What is the ghosting racial transformation?


----------



## Citizen Mane (Oct 25, 2004)

Updates to Kieran:

Adds another level of Bard.
1.  +1 BAB
2.  +1 Ref, +1 Will
3.  9 skill points (+1 Bluff, +1 Concentration, +1 Decipher Script, +1 Diplomacy, +3 Knowledge/History, +1 Perform/Stringed Instruments, +1 Spellcraft).  The 5th rank in Bluff grants a +2 synergy bonus to Diplomacy.  The 5th rank in Knowledge/History grants a +2 synergy bonus to Bardic Knowledge.
4. New spells per day: +1/+1/0/0/0/0/0; New spells known 1/2/0/0/0/0/0: _ghost sound, charm person, cure light wounds_
5. +1 Bardic Knowledge.
6. Racial transformation: Aura of Good.


----------



## Guest 11456 (Oct 26, 2004)

DarkMaster said:
			
		

> What is the ghosting racial transformation?

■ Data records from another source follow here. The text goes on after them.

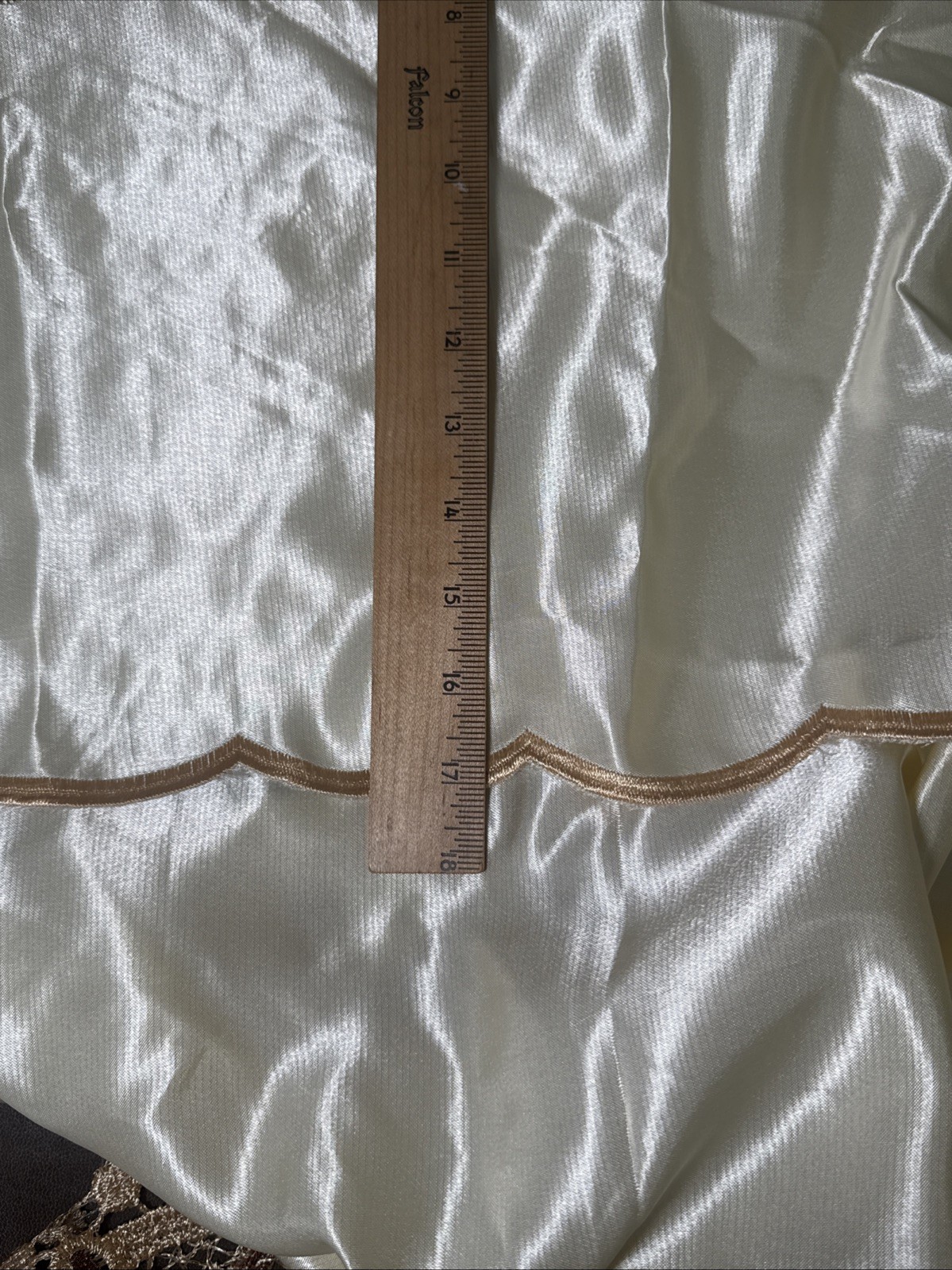 Drapes 2 Panels Beige w/ Attached Valance, Shimmer Satin, Sheer Lace 54 X 87”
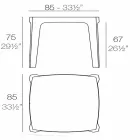 Solid kvadratisk utomhusbord av Vondom i polypropen, design Viadurini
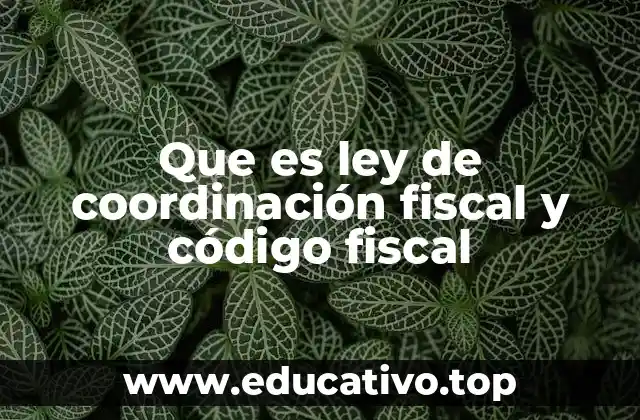 Que es ley de coordinación fiscal y código fiscal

Ghosting: Many gnomes exhibit this strange trait, which allows them to live on both the Material Plane and the fey realm of Itheria simultaneously. Normally this has no effect except to give the gnome a slightly fuzzy look, as if his form is slightly blurred. On command, however, the gnome can _ghost_, phasing back and forth between the planes more rapidly than the mortal eye can follow. The effect is identical to the _blink_ spell except that the gnome travels back and forth to Itheria rather than the Ethereal Plane. It requires a full-round action to activate this ability, and the gnome can only activate it once per day for a duration of up to one minute.


----------



## Guest 11456 (Oct 26, 2004)

Kajamba Lion: Thanx! Hit points for this level are 5.

Ashy: Go ahead and post all changes here. Hit points for this level are 6 + 4 = 10.

Isida Kep'Tukari: Go ahead and post all changes here. Hit points for this level are 6 + 2 = 8. Racial Transformation: Change Shape has a prerequisite of character level 6+.

DarkMaster: Go ahead and post all changes here. Hit points for this level are 4 + 3 = 7.

Lady Shatterstone: I need your class choice and character update.

Sephiroth no Miko: I need your class choice and character update.


----------



## DarkMaster (Oct 26, 2004)

Added +1 BAB, +1 Will, 6 skill points (concentration, knowledge arcana, the plane, history, spellcraft, diplomacy(cc) ). Wild empathy +1, spell now at 4/3, adjusted familiar accordingly and took Ghosting for the racial transformation.


----------



## Isida Kep'Tukari (Oct 26, 2004)

Added another level of rogue.  +1 BAB, +1 to Ref save, evasion.  Changed racial talent to natural armor (increases to +1).  Added ranks to appraise, bluff, disguise, open lock, search, and slight of hand.


----------



## Ashy (Oct 26, 2004)

Added another level of ranger: +1 BAB, 10 hps, +1 Ref, 7 Skill points (Survival, Heal, Climb, Knowledge (nature)), Two Weapon fighting, Racial transformation: breathe water, 1 jacynth


----------



## Lady Shatterstone (Oct 26, 2004)

Added another level of Shaper.  +1 BAB, +1 Melee, +1 Ranged.  6 more skill points went to move silently, hide, listen, search, spellcraft, knowledge: arcane.  Gained extra bonus spell per day 0th-6 and 1st-5.  New 0th level spell: Detect Magic.  1st speciality: enlarge - Domain:Knowledge.  Racial Transformation: Minor Spell Resistance.  Divine Focuses (Vitality – Knowledge)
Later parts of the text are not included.